In 1972 a physics teacher, Tim Millward, followed a call to build a boat that would take young people to sea to learn about themselves, Jesus and the world. This boat would become Morning Star of Revelation.
Over the next 9 years, in evenings, weekends and holidays, Tim would build Morning Star by hand in an old warehouse in East London. The boat is built from ferro-cement, so consists of a complex frame of steel tubes and pipes which was then coated in cement. The boat was plastered in one ‘session’ in October 1975
Work began in the winter of 1972 involving "lofting the lines," a process of drawing out and making full size plywood templates from which the hull's steel frames could be shaped. As the hull skin was to be made of ferro-cement a complex frame of tubing, reinforced steel and wire mesh had to be constructed before the cement could be applied. This work was undertaken in an old warehouse by Beckton gasworks on the Thames in London and took 3 years to complete. Plastering of the hull finally started on 4th October 1975 and involved 80 volunteers as well as 12 professional plasterers and two mixer drivers.
A further 3 years passed when the bulkheads, deck, cockpit and engine were installed before the hull was finally moved from the warehouse and launched in September 1978. Morning Star's wooden masts were fashioned on the Isle of Wight, resulting in the hull having to be motored around to Cowes where the masts and rigging were finally fitted.
Morning Star of Revelation was sold by Tim to the Morning Star Trust in November 2014 for the huge sum of £1.
The Present Day
Today, Morning Star of Revelation sails almost continuously from mid March until November each year stopping only for maintenance work and the occasional lull between groups.
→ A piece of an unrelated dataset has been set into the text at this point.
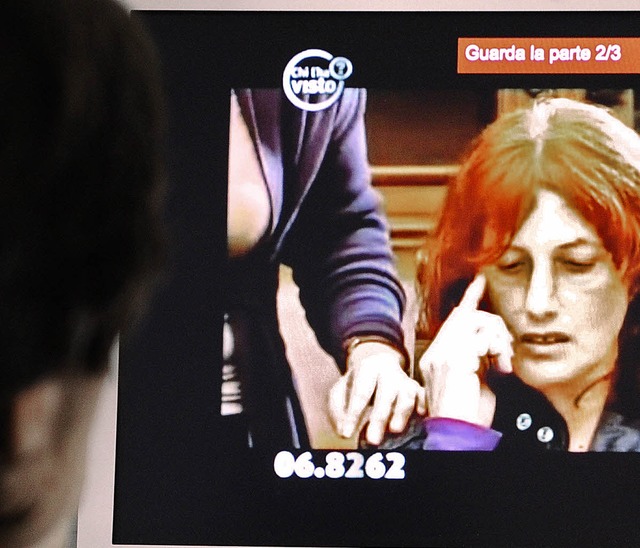Als Concetta Serrano vom Tod ihrer Toc...taatliche TV-Sender Rai-3 live dabei.   | Foto: AFP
Her leadership teams are drawn from a pool of volunteer Trust members who give of their spare time to make up the sailing leadership teams - a necessary combination of suitably qualified skippers, 1st and 2nd mates.
Annually she carries approximately 420 people safely to sea under sail and travels an average distance of 5000 miles. She is a strong and well proven vessel and is a credit to her builder Tim Millward.